ABOVE PHOTO: Creighton’s Marcus Foster (0) drives past Villanova’s Eric Paschall (4) and Jalen Brunson (1) during the second half of a championship NCAA college basketball game in the finals of the Big East men’s tournament Saturday, March 11, 2017, in New York. Villanova won 74-60. (AP Photo/Frank Franklin II)
The Villanova University Wildcats are about to start dancing in the NCAA Tournament. But will they take the Final Four trophy home with them again?
By Chris Murray
For the Chris Murray Report and the Philadelphia Sunday Sun
The last time we saw the Villanova Wildcats in the NCAA Tournament, there was confetti and wild celebration after Kris Jenkins’ dramatic three-point buzzer beater brought the Wildcats its first national championship since 1985.
After last year’s heroics, Villanova is looking to become the third team since the UCLA’s Dynasty years of 1967-1973 to win back-to-back NCAA Tournament titles. The Florida Gators were the last team to repeat as national champions (2006-2007).
Head coach Jay Wright’s Wildcats come into the tournament as the No. 1 overall seed. That means the Wildcats have the proverbial target on their backs. Considering the road they have to travel to return to the Final Four, the whole target thing is more than just an overused cliché in this case.

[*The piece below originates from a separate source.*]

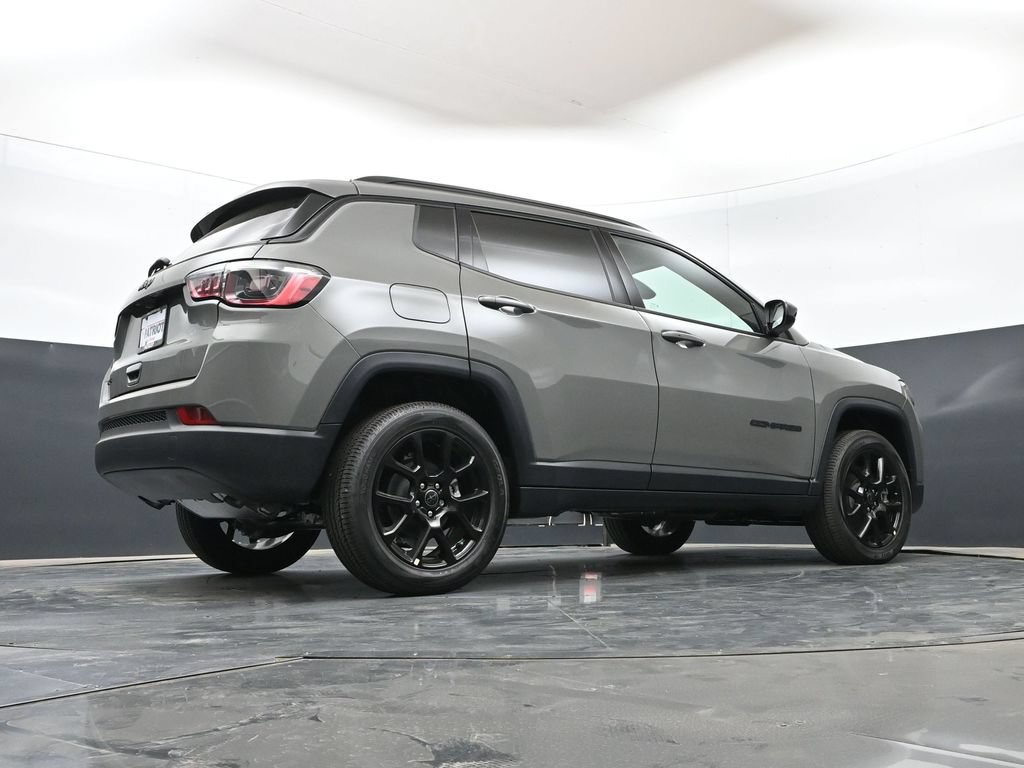 New 2026 Jeep Compass Latitude AWD/4WD image 38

Last season, the issue was about merely surviving the first weekend. This year, the question is, can they win it all again?
“And this year, it is about repeating. You’re a one seed, and so you’re supposed to win it if you’re the one seed, right?,” Wright said during the team’s press conference in Buffalo, the site of their opening round games. “It’s all about how you handle that, and I think having that pressure last year and having pressure this year, I think makes it a little bit easier to handle.”
Barring an upset of biblical proportions, Villanova should have gotten past a scrappy No. 16 seed in Mount St. Mary’s (Md.) by the time you read this because, well, no 16 seed has ever beaten a No. 1 seed. No matter who the Wildcats meet in Saturday’s Third Round, they’re going to face a tough opponent. Whether it’s a Virginia Tech, a team that likes to go and down the court and hit threes or a tough defensive-minded Wisconsin squad, Villanova is not going to have an easy road.
If the Wildcats the tumultuous road of the first weekend, there are possible Sweet 16 matchups with teams like Virginia, who they beat in a close game during the regular season and Florida. Should Nova get to the regional final, No. 2 seed Duke and/or No. 3 seed Baylor await them.
But the Wildcats have enough fire power and experience to play against the nation’s best teams. If they proved anything from beating teams like Kansas, Oklahoma and North Carolina in last year’s tournament, they’re not going to go out without a fight. The fact that they are the top team in this year’s Big Dance is proof-positive of that.
Villanova is led by senior and Play-of-the Year candidate Josh Hart, who is averaging 18.9 points per game and is shooting 40 percent from three-point range. At the point guard spot, Jalen Brunson, whose father Rick was a standout playmaking guard at Temple, has picked up where his predecessor Ryan Arcidiacano left off.
Brunson is the Wildcats second-leading scorer, averaging 14.8 while dishing out 4.2 assists per game. One of his best performances came in a win over Seton Hall, he scored 22 points and had 10 assists. He’s the guy who runs the Villanova offense.
And don’t forget about last year’s hero Jenkins. He can still fill it up from three-point range and is currently shooting 37 percent from behind the arc. He’s averaging 13 points per game. In fact, the Wildcats have four players that are shooting close to 40 percent from three-point range. Sophomore Mikal Bridges, is averaging close to 10 points per game and is also shooting 40 percent from three-point range.
The biggest thing for the Wildcats players is can they handle the onslaught of another tough run to the NCAA Tournament. Hart said there’s no time for savoring the moment of being able to defend their title with teams gunning to take their crown.
“It’s hard to do it now because we have questions about repeating. So, you know, you can’t really embrace it too much,” Hart said. “Obviously, it’s a blessing being able to be here, this isn’t a privilege. But that’s why we got to just rely on each other and focus on each other, and don’t focus on anything else.”